Task to complete:
Going line by line through the records below, write out everything starting with the line containing "1504 Hwy 268" and going on through the line containing "Kara Kuvvetleri Komutanı", exactly and inclusively. Pictures do not go in.

Available data:
==========

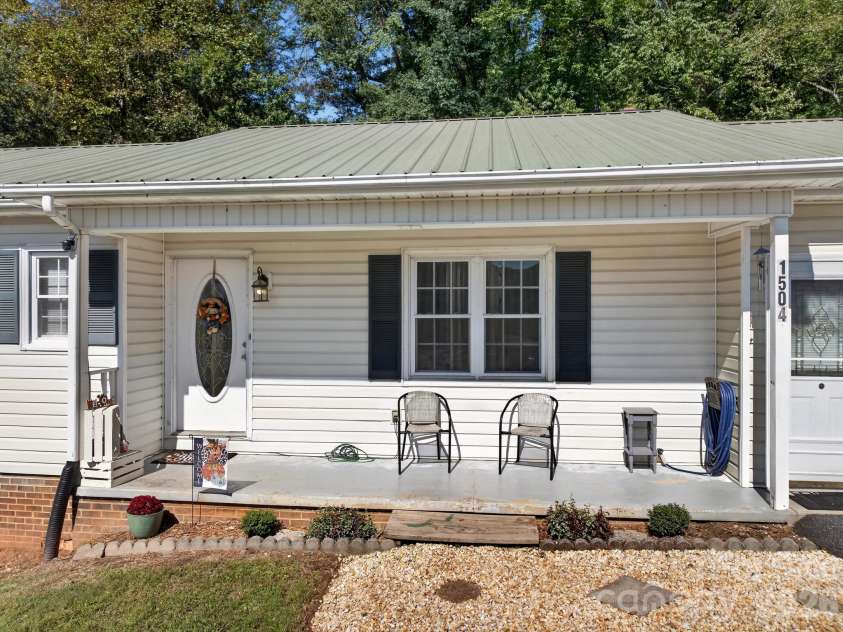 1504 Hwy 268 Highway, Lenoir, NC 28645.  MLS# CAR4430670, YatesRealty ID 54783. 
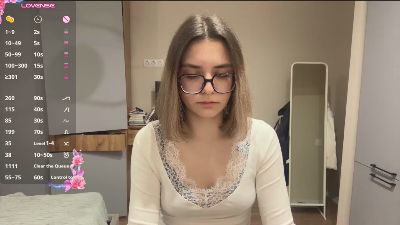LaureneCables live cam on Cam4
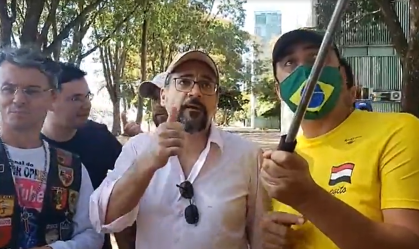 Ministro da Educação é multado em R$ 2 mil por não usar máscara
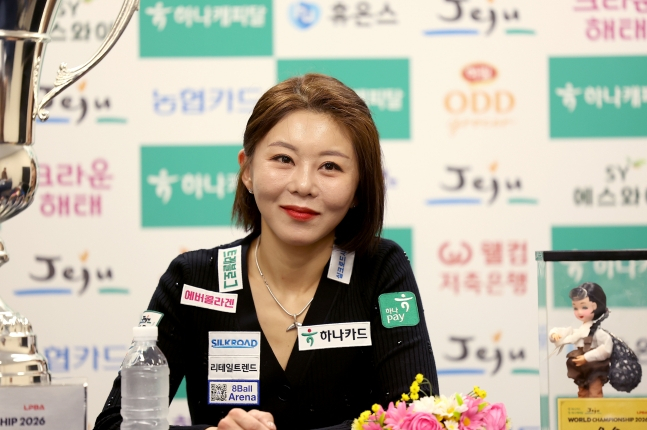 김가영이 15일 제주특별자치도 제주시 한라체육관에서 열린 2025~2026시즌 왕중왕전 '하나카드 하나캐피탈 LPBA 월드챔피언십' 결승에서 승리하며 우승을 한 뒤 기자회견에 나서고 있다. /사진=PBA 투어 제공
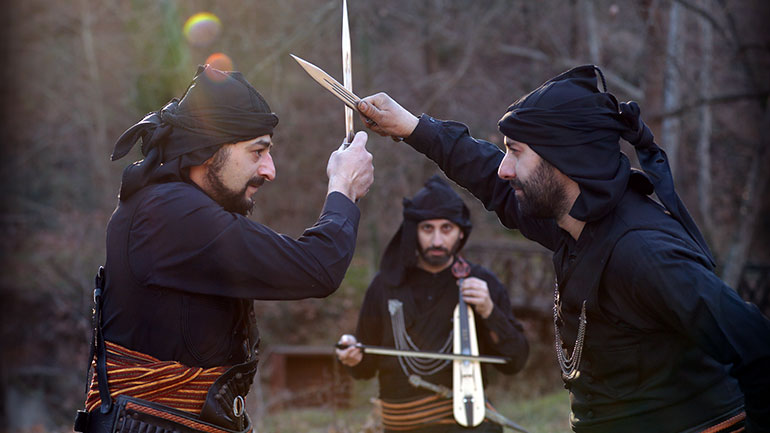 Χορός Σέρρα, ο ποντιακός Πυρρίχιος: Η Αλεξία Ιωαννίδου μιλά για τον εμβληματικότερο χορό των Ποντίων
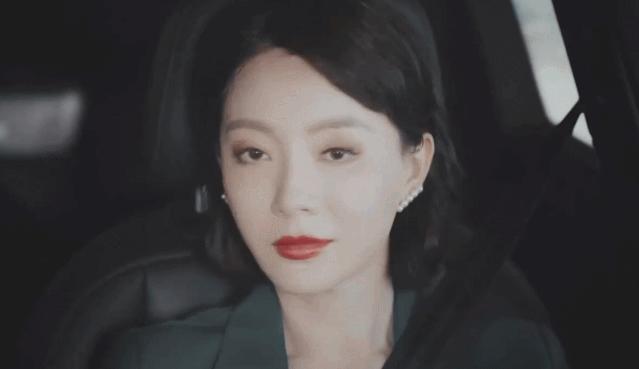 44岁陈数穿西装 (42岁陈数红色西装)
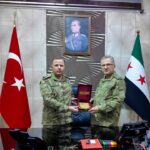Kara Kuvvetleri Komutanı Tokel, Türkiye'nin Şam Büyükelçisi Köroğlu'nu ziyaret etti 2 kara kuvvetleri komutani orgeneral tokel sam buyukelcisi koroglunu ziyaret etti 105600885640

==========

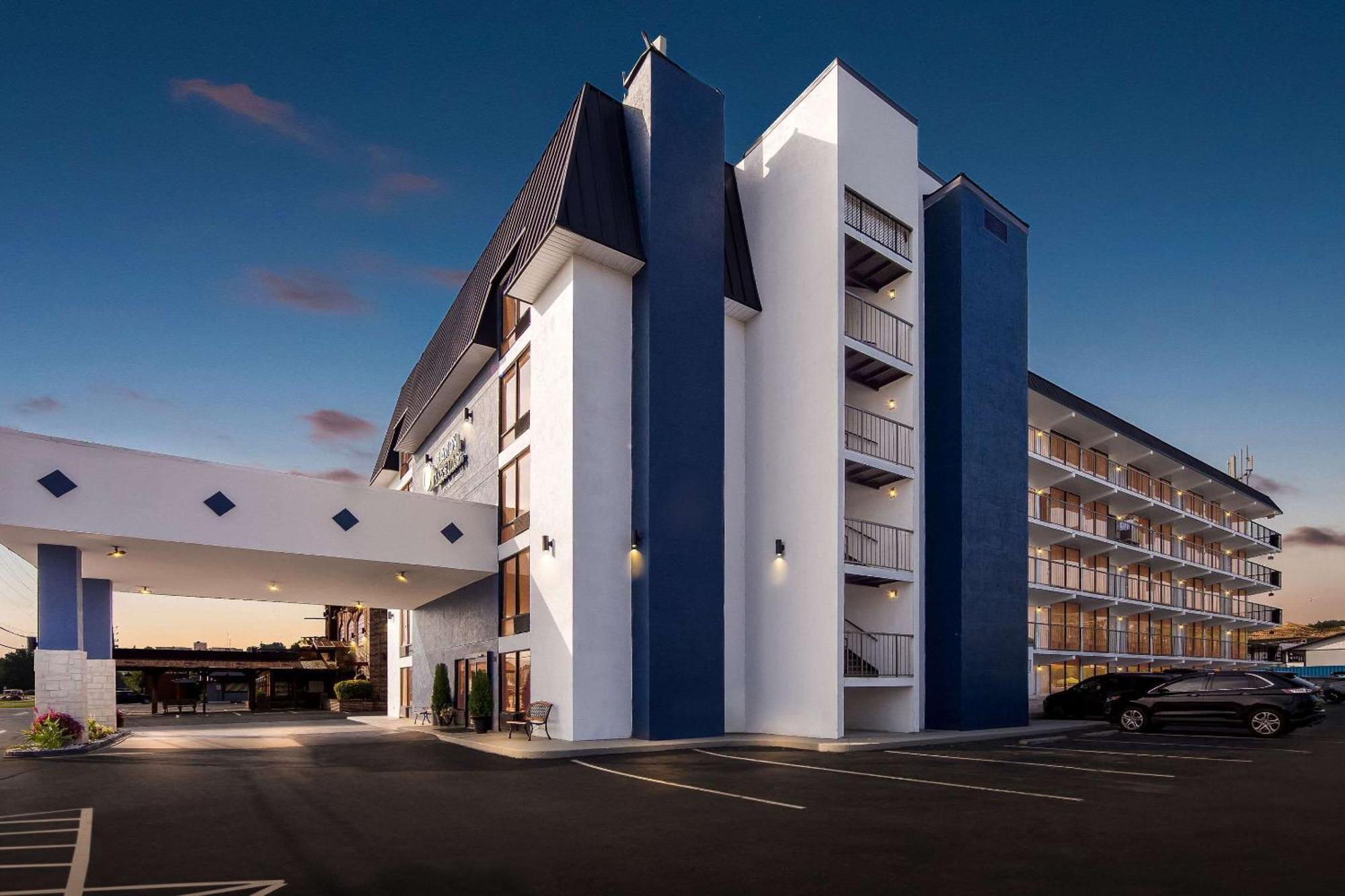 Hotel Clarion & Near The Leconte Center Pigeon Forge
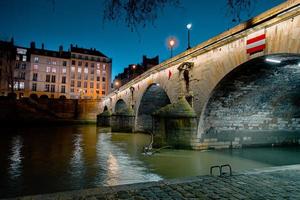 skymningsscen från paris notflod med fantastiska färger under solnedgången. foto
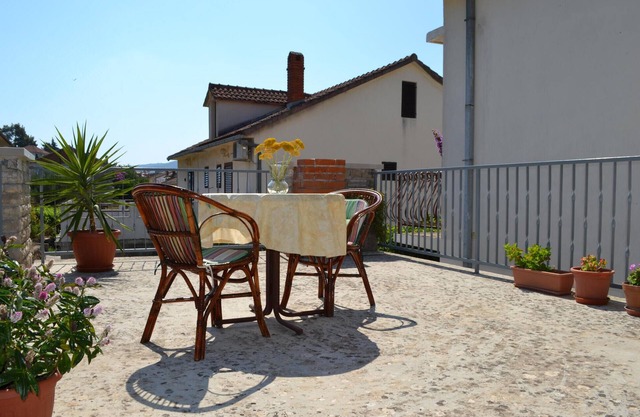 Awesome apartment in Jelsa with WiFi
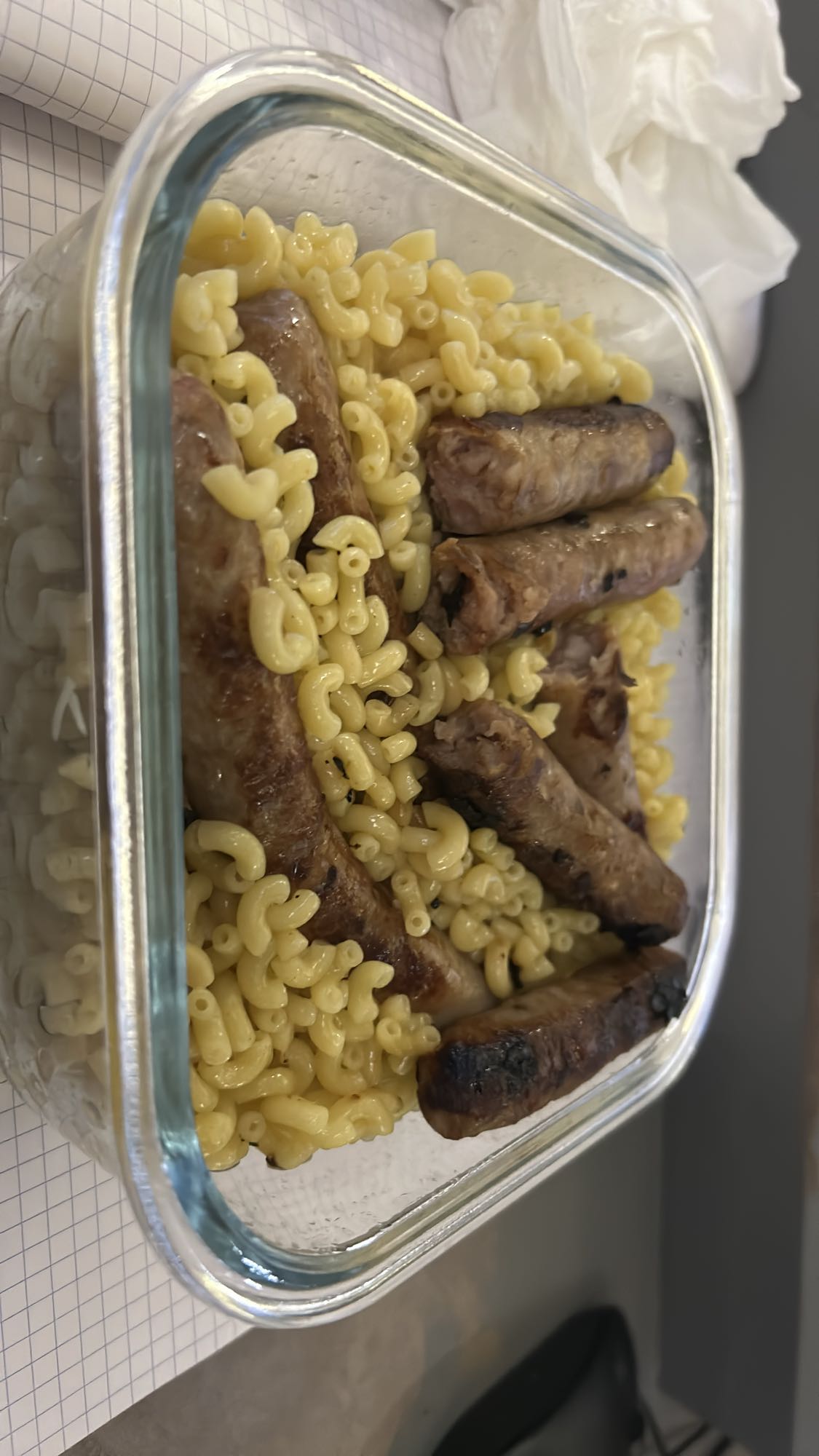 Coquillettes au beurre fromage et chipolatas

==========

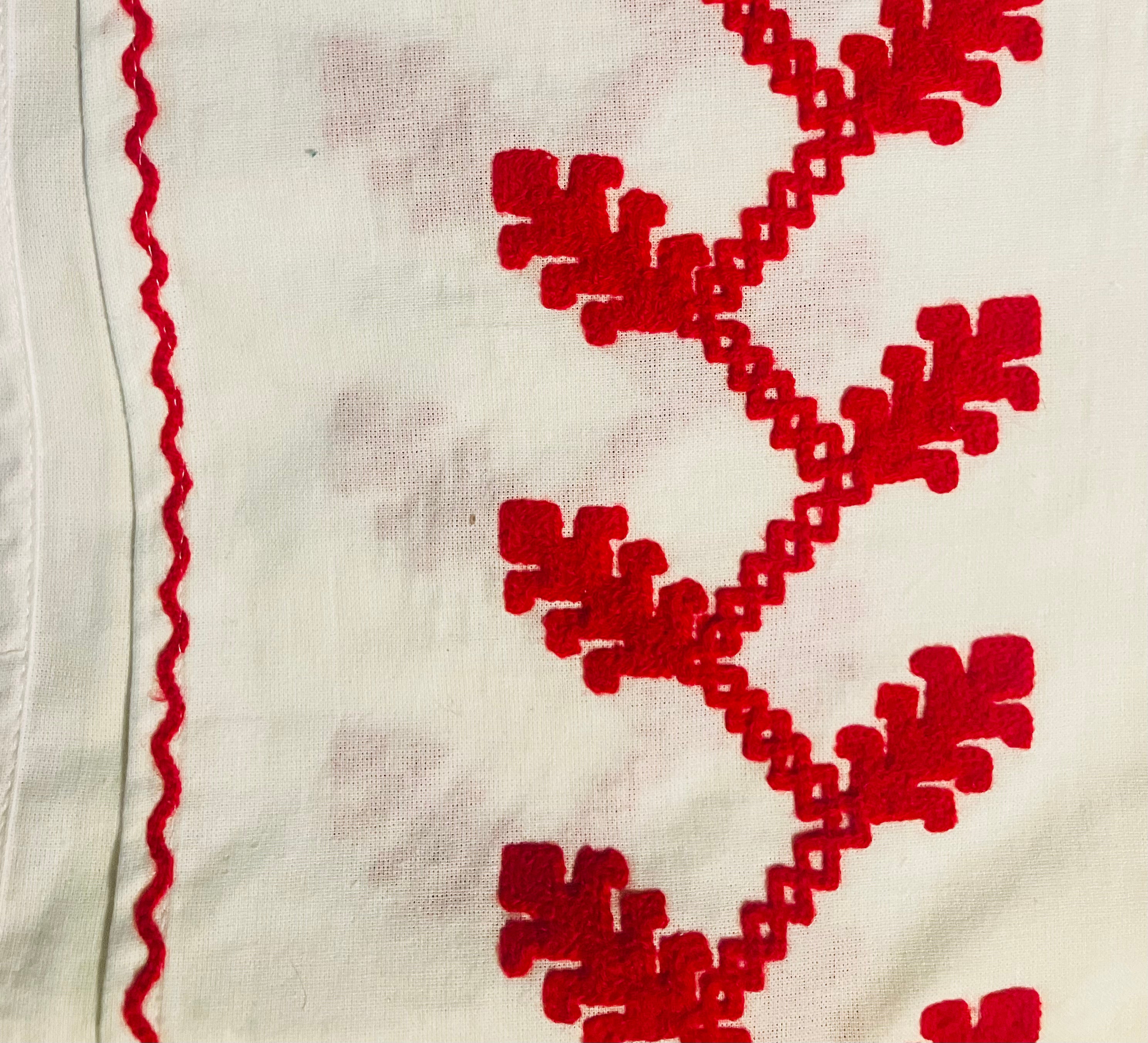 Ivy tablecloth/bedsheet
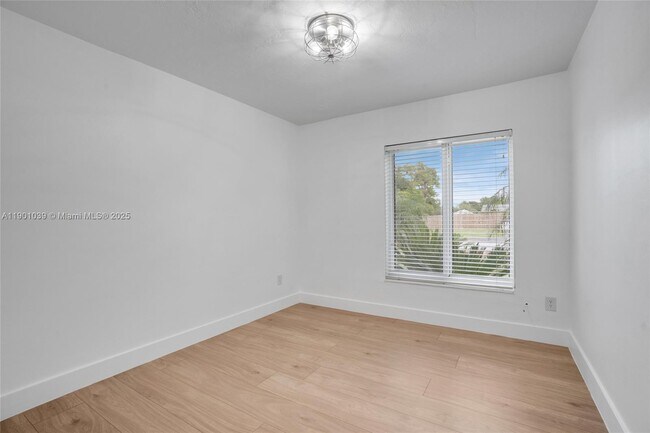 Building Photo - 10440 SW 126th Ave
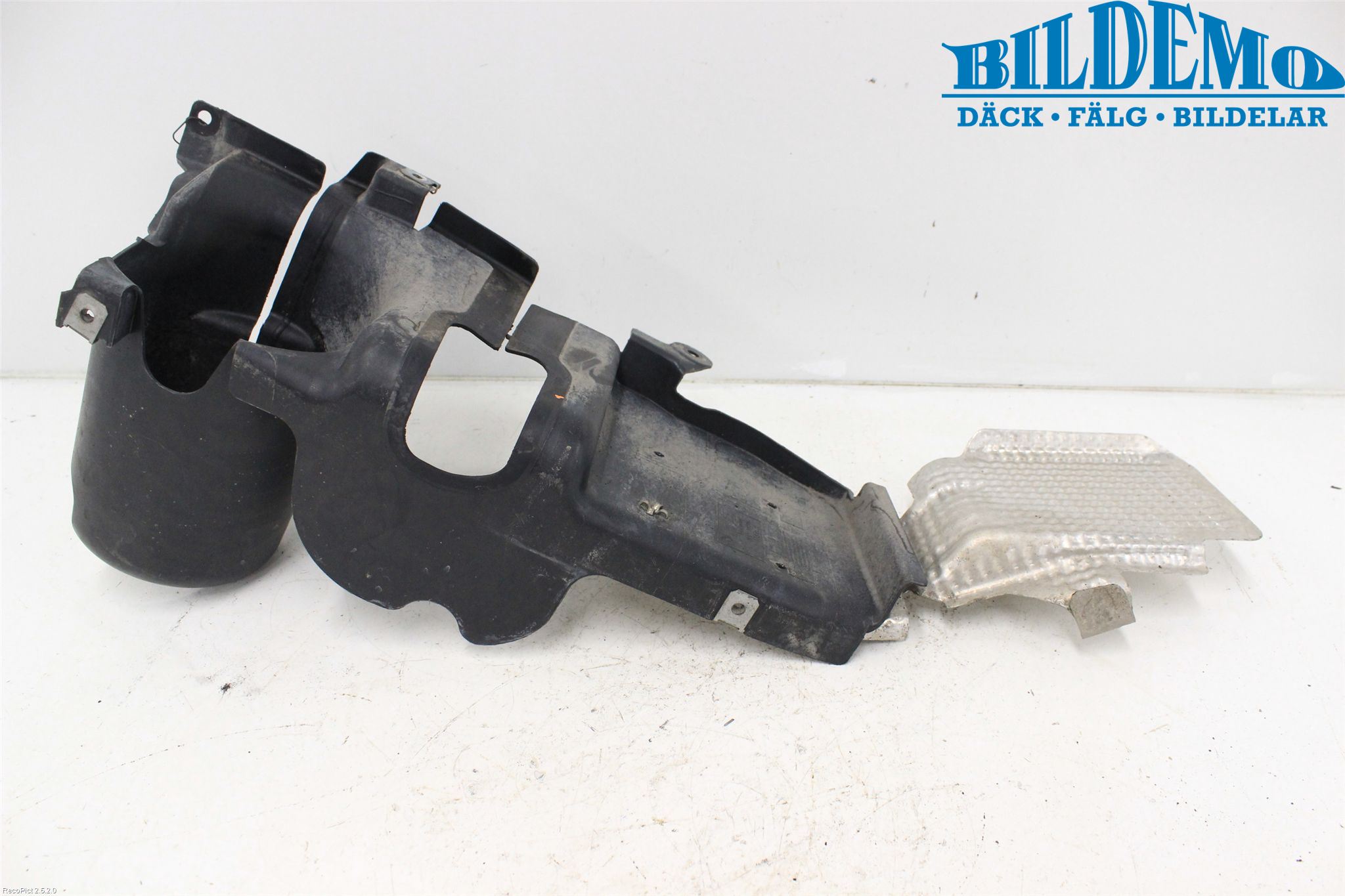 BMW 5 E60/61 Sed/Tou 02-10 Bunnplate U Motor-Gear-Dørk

==========

Exercise response:
 1504 Hwy 268 Highway, Lenoir, NC 28645.  MLS# CAR4430670, YatesRealty ID 54783. 
LaureneCables live cam on Cam4
 Ministro da Educação é multado em R$ 2 mil por não usar máscara
 김가영이 15일 제주특별자치도 제주시 한라체육관에서 열린 2025~2026시즌 왕중왕전 '하나카드 하나캐피탈 LPBA 월드챔피언십' 결승에서 승리하며 우승을 한 뒤 기자회견에 나서고 있다. /사진=PBA 투어 제공
 Χορός Σέρρα, ο ποντιακός Πυρρίχιος: Η Αλεξία Ιωαννίδου μιλά για τον εμβληματικότερο χορό των Ποντίων
 44岁陈数穿西装 (42岁陈数红色西装)
Kara Kuvvetleri Komutanı Tokel, Türkiye'nin Şam Büyükelçisi Köroğlu'nu ziyaret etti 2 kara kuvvetleri komutani orgeneral tokel sam buyukelcisi koroglunu ziyaret etti 105600885640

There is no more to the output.